I have a XML string processed (PARSED) by Java 7's TransformerFactory with indentation (i.e. eq=4) enabled. I need to replace all the whitespaces (in group of 4) before the xml tag with a tab (i.e. 1 tab = 4 whitespace, if 8 whitespace then 2 tabs and so on).

The objective is to make sure that the regex do not match the value of the attributes XML tag. Some XML tag's attributes contain one or more whitespaces. So far, all regex+es that I have tried either match all whitespaces or none. I have even tried some +ve/-ve lookahead/lookbehind and no luck (not good with regex).

As shown below the sample regex matches all whitespaces

enter image description here

I have tried a bunch of regex expressions

( {4}) //matches everywhere
^(\s{4})+ //for 12 whitespace, the first 8 is full match, not good
(?<![\d])( {4}) //only -ve/lookbehind 1 space not enough

Here is the https://regex101.com/r/VR4Nbf/2 for regex101

The TransformerFactory config is as follow:

transformer = transformerFactory.newTransformer();
transformer.setOutputProperty(OutputKeys.METHOD, "xml");
transformer.setOutputProperty(OutputKeys.ENCODING, "UTF-8");
transformer.setOutputProperty(OutputKeys.INDENT, "yes");
transformer.setOutputProperty("{http://xml.apache.org/xslt}indent-amount", "4");

The above Transformer configuration work as expected. There is no way to tell Transformer to use tab instead of whitespace unless you override the required methods which seems to be overkill if regex is possible.

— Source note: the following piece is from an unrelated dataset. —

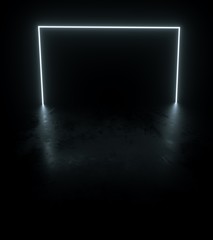 3d render geometric neon box shapes  with black glossy stone floor ground - illustration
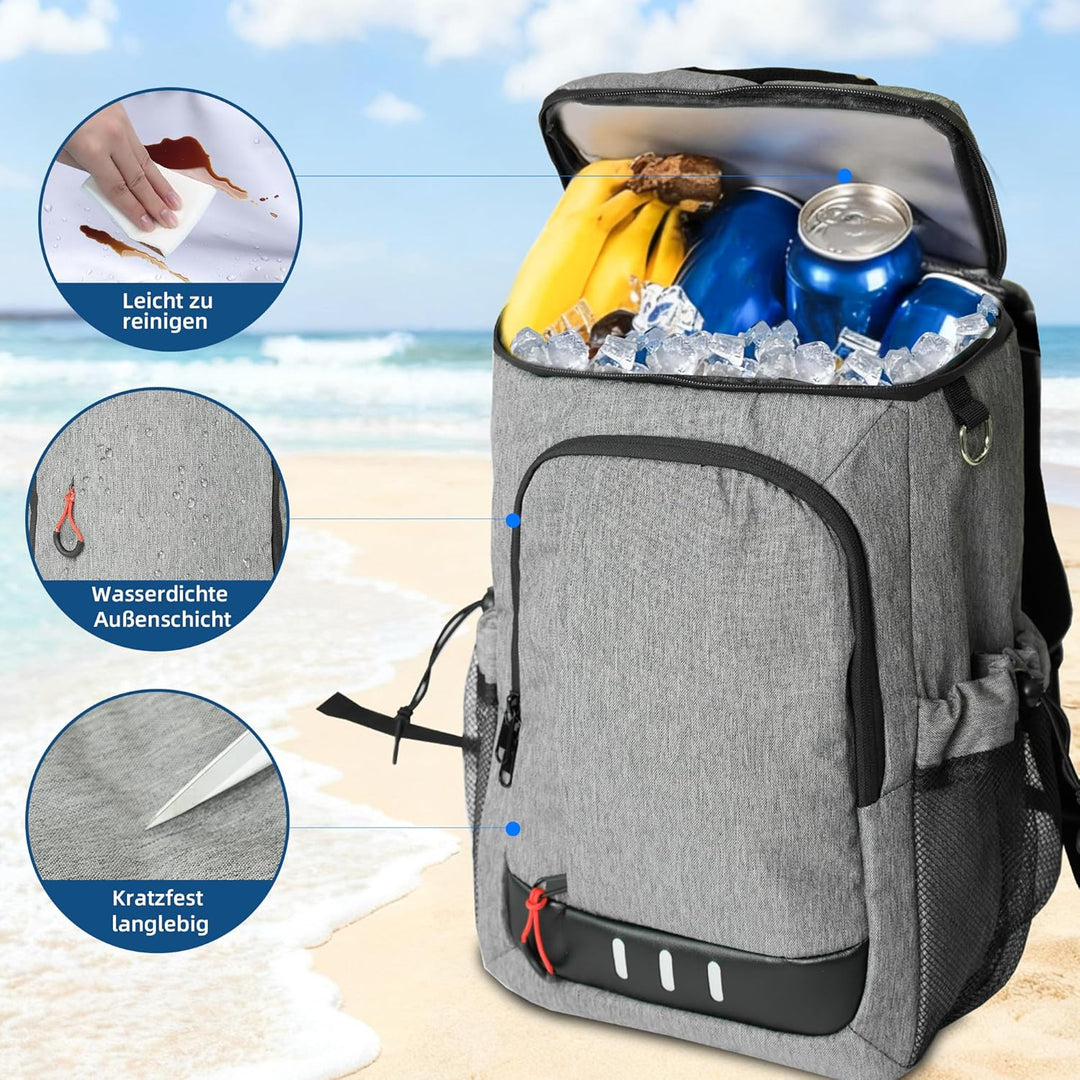 Camping Kühlrucksack,24L Kapazität Isolierter Picknickrucksack, Wasserdichter Rucksack-Kühler Auslau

While I do understand that the in XML specification whitespace is considered okay, the way the XML file is used in my case requires the XML to be beautified with tabs (not whitespaces).

An ideal regex would

  1. Do not match anything inside xml tag
  2. Match each occurrence of 4 whitespace with 1 tab (i.e. I used replaceAll)
  3. Is Java-based
  4. Preferably can be used with replaceAll
  5. Have to be applied once, rather than repetitively (irrespective of level of nesting)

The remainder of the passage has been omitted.